Besonders gefallen hat mir die kritische Auseinandersetzung mit Sigmund Freud und seinen Theorien. Ich habe den Eindruck, dass seine manchmal fragwürdigen Äußerungen nicht beachtet werden in der generellen Vermittlung an den Psychologie-Laien. „Effi liest“ klammert Kritik nicht aus. Auch fand ich es toll, durch die den Kapiteln vorangestellten Zitate oder die Briefe von Max so viel über den damaligen Zeitgeist zu erfahren.

Die Frauenfiguren im Roman sind allesamt stark und rebellisch. Eine heutige Leserin würde nichts anderes mehr akzeptieren.

Elena begehrt erfolgreich gegen die frauenfeindlichen Lebensumstände des ausgehenden 19. Jahrhunderts auf. Sie ist ein toleranter, offener Mensch. Sie verkörpert somit Werte, die in unserer Zeit selbstverständlich sind und mit denen sie damals als Frau bestimmt noch größere Probleme bekommen hätte, als im Roman dargestellt. Mit ihr kann ich mich auf jeden Fall identifizieren, da dieses Unverständnis für überholte Konventionen und Bevormundung zeitlos ist. Es mag dem Genre der romantischen Komödie geschuldet sein, das ich solche Bücher sonst kaum lese, ich konnte das Ende der Geschichte von Beginn an erahnen. Überraschungen in der Handlung gab es für mich also nicht. Ich habe das Buch trotzdem gerne gelesen und nach wenigen Tagen zufrieden zugeschlagen.

Swantje Kautz

Der Roman wurde viel diskutiert in der Schreibwerkstatt im Gladhouse, und ambivalent bewertet: Etwa, dass Mädchen und junge Frauen zur damaligen Zeit zu Lustobjekten gemacht wurden, man es vorzog, sie ahnungslos zu lassen was Erotik betraf, und sie diesbezüglich Glück oder Pech mit ihren Ehemännern haben konnten. Heutzutage wiederum machten sich Mädchen oftmals selbst – bewusst – zu Lustobjekten und versuchtten so, Reaktionen zu provozieren, die helfen, sich zu entdecken.

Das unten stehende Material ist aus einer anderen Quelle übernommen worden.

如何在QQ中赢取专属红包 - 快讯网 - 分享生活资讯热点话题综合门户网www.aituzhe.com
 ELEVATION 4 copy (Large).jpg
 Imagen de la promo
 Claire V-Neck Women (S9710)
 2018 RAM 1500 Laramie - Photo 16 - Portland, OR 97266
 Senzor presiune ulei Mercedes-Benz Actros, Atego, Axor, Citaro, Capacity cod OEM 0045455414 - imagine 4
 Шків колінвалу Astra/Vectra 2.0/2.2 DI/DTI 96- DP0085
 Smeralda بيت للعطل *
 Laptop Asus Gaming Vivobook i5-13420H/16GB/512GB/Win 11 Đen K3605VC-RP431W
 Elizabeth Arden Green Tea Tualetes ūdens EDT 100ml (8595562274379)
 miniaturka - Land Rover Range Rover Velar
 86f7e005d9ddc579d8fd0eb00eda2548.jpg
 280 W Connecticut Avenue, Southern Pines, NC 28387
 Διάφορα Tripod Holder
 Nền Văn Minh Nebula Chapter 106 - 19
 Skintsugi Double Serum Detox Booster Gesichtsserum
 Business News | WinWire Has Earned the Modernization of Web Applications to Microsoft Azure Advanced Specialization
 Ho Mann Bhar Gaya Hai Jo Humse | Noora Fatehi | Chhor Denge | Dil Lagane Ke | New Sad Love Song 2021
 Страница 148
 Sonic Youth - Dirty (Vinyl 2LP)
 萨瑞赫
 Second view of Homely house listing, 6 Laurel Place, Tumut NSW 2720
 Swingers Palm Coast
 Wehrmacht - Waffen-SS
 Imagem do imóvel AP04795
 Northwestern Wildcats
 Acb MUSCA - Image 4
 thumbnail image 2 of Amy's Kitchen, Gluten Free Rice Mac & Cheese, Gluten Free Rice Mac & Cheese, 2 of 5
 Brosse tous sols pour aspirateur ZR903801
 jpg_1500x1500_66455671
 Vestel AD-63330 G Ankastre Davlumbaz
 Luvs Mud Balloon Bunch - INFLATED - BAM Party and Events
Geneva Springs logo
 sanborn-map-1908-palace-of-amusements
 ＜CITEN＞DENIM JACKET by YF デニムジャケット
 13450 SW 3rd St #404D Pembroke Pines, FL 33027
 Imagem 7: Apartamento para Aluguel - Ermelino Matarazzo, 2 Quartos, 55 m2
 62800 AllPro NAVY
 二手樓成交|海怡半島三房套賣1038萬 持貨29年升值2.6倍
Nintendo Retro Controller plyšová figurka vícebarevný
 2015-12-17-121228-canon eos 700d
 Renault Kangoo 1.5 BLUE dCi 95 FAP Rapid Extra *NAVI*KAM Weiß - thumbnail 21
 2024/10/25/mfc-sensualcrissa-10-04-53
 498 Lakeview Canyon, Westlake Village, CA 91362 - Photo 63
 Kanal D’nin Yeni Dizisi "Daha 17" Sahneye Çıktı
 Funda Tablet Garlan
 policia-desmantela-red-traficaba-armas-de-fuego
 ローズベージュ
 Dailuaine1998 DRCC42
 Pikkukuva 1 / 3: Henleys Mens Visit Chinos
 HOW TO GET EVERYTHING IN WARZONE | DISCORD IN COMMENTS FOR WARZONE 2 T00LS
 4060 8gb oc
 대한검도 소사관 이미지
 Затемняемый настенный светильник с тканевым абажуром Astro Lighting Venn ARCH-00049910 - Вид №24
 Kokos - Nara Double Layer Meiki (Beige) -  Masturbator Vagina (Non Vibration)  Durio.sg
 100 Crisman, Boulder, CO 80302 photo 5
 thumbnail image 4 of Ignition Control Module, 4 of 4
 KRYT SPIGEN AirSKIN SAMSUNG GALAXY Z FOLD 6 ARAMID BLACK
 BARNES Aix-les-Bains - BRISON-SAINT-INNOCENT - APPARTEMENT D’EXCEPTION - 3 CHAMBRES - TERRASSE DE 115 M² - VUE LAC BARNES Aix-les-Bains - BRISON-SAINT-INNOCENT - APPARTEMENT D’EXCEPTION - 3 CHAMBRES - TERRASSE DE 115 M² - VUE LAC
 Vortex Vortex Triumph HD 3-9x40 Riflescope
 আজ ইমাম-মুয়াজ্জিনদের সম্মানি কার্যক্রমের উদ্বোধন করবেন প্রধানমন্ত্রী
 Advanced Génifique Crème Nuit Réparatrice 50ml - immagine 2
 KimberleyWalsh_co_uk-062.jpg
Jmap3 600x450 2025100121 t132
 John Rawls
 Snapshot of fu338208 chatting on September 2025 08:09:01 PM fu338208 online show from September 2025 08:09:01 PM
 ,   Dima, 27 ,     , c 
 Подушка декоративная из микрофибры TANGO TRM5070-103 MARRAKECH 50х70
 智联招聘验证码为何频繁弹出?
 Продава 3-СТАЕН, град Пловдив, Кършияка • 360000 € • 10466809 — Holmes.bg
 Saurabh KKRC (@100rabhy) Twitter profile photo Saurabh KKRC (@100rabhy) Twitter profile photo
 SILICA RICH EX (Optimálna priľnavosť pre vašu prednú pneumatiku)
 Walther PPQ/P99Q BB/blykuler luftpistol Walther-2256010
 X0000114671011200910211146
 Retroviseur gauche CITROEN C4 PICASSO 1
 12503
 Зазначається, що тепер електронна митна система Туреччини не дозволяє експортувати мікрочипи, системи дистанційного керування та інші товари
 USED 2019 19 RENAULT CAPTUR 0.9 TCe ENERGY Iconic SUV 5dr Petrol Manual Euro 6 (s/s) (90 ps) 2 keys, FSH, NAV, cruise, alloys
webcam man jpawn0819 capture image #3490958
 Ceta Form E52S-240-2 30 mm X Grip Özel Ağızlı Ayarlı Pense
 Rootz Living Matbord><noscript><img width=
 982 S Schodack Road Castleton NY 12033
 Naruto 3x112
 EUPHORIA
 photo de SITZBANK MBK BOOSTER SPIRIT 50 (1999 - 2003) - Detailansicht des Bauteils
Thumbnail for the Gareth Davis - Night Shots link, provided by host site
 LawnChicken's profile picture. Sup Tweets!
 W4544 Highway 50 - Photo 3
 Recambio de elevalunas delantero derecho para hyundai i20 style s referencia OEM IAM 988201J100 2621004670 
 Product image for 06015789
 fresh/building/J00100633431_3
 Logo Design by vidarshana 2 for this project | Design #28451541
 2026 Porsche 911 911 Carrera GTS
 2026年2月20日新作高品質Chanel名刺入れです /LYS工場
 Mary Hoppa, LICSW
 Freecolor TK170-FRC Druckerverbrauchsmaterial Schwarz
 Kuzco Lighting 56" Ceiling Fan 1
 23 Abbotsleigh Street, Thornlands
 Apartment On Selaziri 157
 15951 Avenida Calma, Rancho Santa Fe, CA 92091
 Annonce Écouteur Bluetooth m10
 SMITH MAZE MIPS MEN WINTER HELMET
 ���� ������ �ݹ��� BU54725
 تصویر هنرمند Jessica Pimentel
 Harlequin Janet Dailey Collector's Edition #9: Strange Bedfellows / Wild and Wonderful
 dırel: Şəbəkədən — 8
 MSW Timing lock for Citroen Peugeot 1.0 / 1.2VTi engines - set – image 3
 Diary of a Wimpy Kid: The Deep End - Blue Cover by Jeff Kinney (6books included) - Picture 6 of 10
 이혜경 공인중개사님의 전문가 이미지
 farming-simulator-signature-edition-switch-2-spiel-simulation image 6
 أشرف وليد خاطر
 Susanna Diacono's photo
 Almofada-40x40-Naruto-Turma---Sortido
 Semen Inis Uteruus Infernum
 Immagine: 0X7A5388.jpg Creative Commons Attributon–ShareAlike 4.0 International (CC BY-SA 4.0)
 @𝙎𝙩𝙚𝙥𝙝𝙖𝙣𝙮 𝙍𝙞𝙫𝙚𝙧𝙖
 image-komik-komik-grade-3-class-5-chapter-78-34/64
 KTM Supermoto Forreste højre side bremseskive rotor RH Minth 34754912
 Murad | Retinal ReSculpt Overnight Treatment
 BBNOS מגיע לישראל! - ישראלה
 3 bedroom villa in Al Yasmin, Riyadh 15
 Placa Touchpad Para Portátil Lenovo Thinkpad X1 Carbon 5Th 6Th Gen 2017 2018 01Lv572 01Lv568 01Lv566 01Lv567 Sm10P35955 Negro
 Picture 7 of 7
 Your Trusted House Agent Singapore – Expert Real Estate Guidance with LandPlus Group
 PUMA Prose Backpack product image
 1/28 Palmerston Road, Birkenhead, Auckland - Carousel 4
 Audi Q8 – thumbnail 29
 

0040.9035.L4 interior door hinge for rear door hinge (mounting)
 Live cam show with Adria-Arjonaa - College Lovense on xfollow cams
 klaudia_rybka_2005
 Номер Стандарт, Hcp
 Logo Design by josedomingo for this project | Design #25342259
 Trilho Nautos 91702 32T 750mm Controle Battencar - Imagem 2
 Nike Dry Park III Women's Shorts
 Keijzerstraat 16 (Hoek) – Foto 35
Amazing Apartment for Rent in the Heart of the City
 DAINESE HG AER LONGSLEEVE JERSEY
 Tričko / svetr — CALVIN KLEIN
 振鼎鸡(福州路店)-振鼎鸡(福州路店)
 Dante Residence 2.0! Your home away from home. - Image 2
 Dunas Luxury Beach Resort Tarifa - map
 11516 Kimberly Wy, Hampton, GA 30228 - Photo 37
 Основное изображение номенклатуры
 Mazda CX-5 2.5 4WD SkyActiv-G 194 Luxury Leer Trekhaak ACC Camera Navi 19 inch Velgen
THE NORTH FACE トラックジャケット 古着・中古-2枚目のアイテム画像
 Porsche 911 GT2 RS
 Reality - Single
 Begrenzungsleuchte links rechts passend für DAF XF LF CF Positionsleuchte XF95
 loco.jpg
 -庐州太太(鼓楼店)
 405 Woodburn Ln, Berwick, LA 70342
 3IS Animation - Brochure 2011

Die profunde medizinhistorische Recherche, die Mara Andeck ihrem Roman zugrunde legte, fand bei allen Würdigung. Kritik gab es am Stil als „zu betont jugendlich“.

„Aber wenn man über ein Buch streiten kann, hat es doch schon viel erreicht.“

Launige Passagen vedankt der Roman den Briefen, welche die männliche Hauptfigur, der junge Dresdner Arzt Max von Waldau, seinem Bruder schreibt.